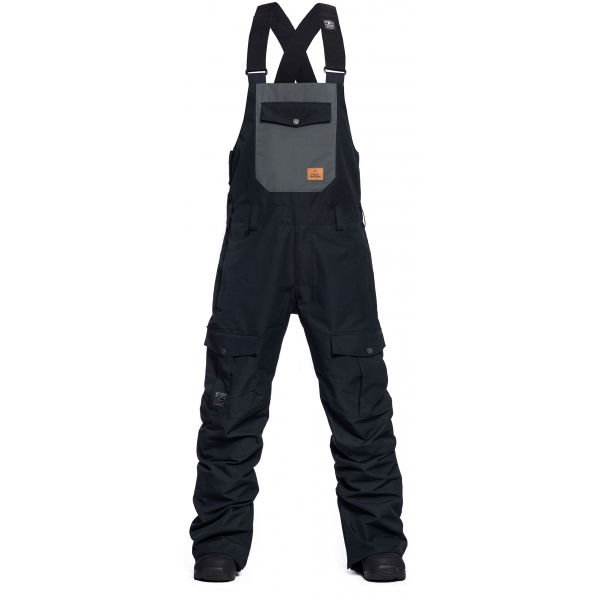 Horsefeathers MEDLER PANTS  S - Pánské lyžařské/snowboardové kalhoty Horsefeathers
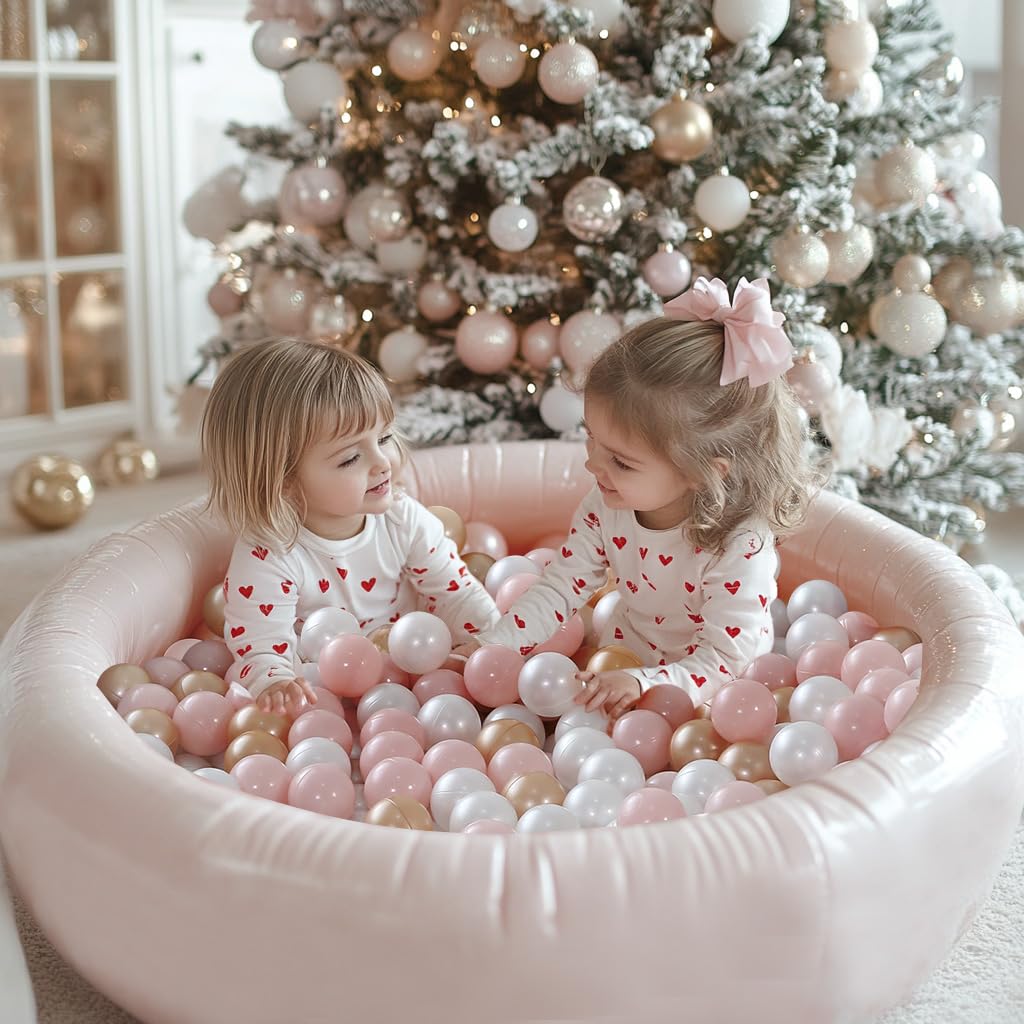 TRENDPLAY colorful ball pit balls create vibrant indoor-outdoor play environments.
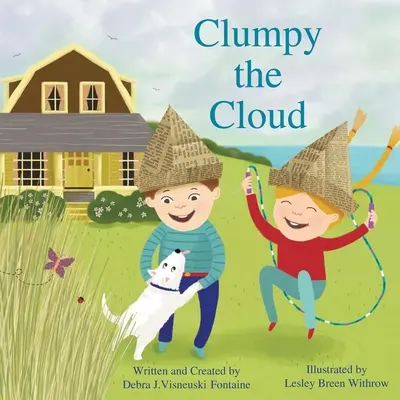 Clumpy die Wolke - Clumpy the Cloud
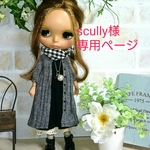 scully様専用ページです。他の方は、ご購入をお控えください。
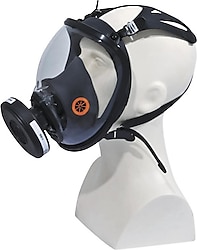 Delta Plus M9300 Tam Yüz Maskesi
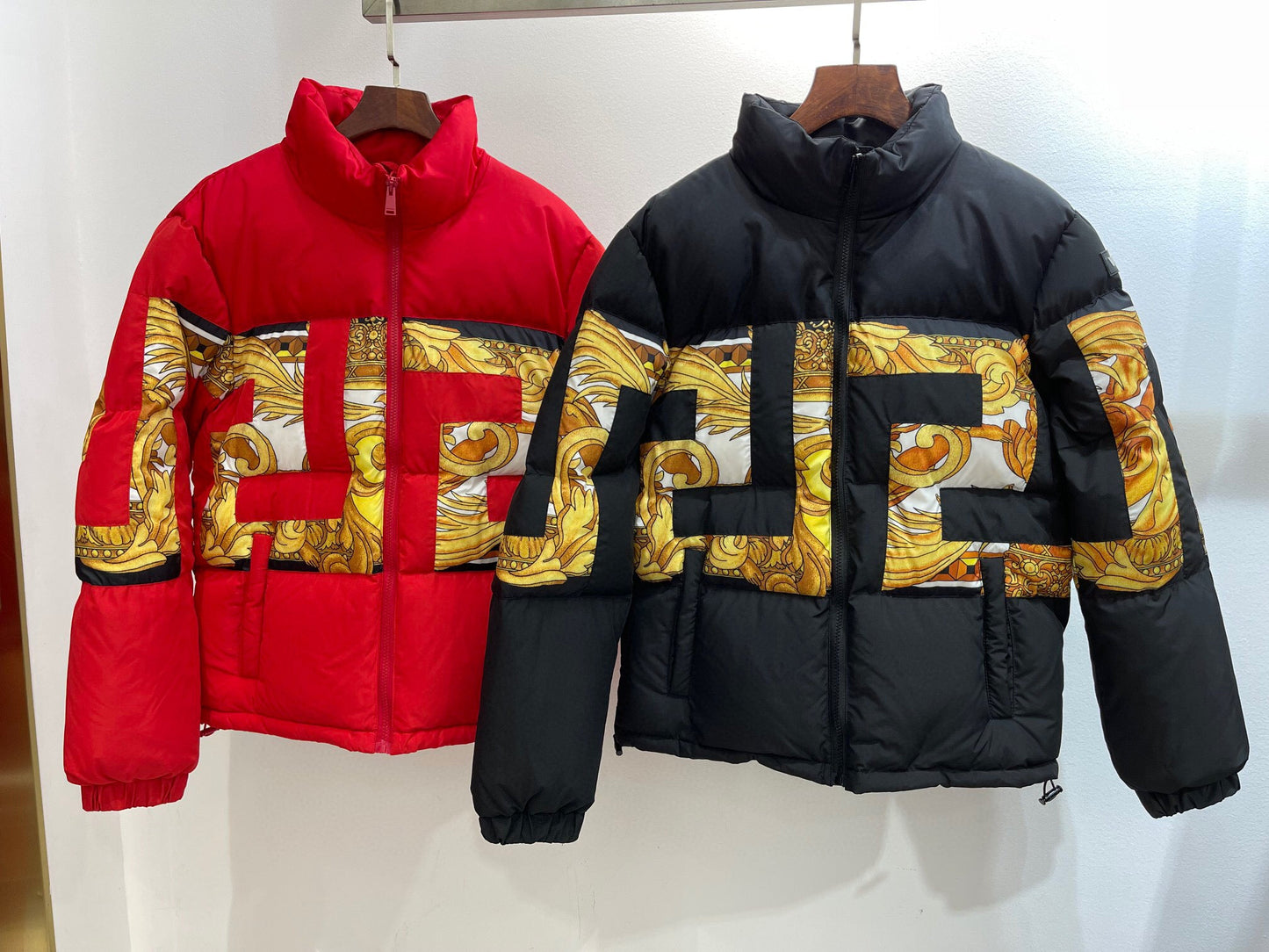 VRC Jacket Down 2 Color 's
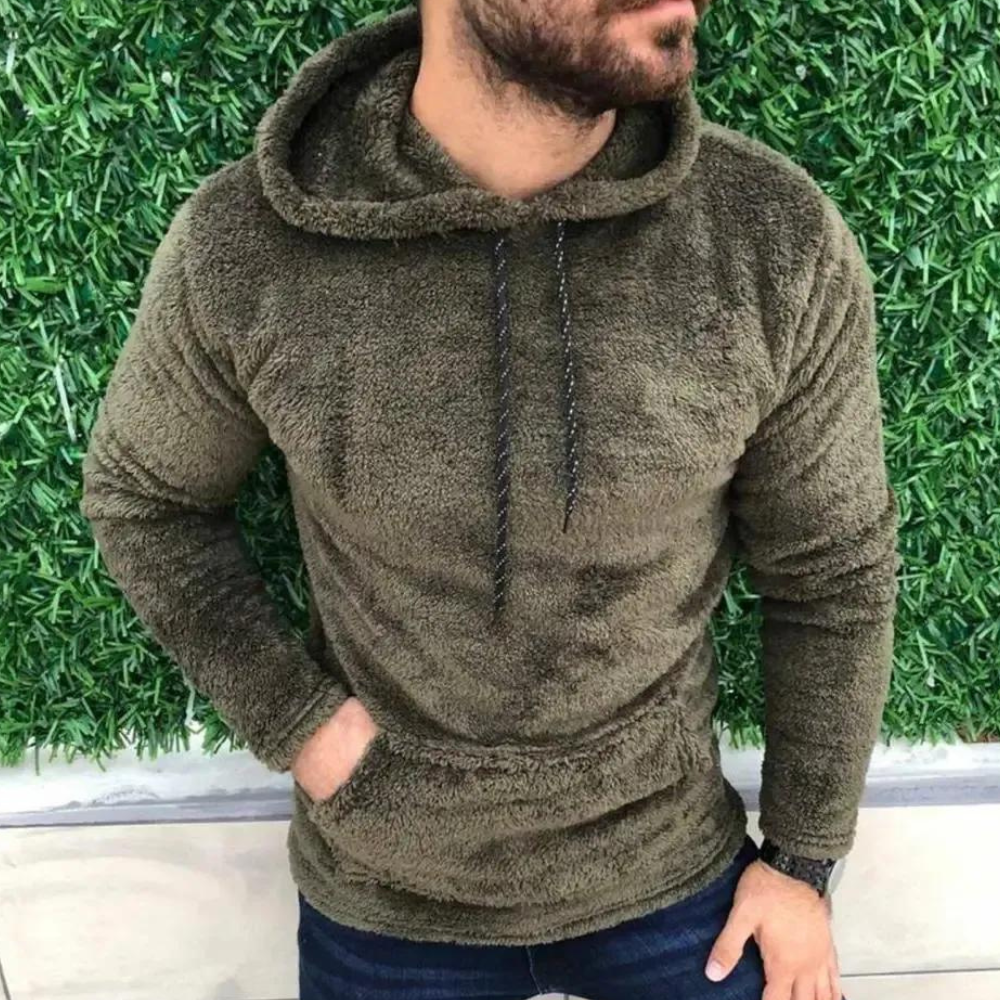 Männer-Hoodie: Stylish, bequem und warm von JASON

━━━━

What to produce -
Nothing but the lines from the one containing "Delta Plus M9300 Tam Yüz Maskesi" through the final line of the records, both included and copied exactly, should appear in the answer; pictures stay out.

Answer to this task -
 Delta Plus M9300 Tam Yüz Maskesi
 VRC Jacket Down 2 Color 's
 Männer-Hoodie: Stylish, bequem und warm von JASON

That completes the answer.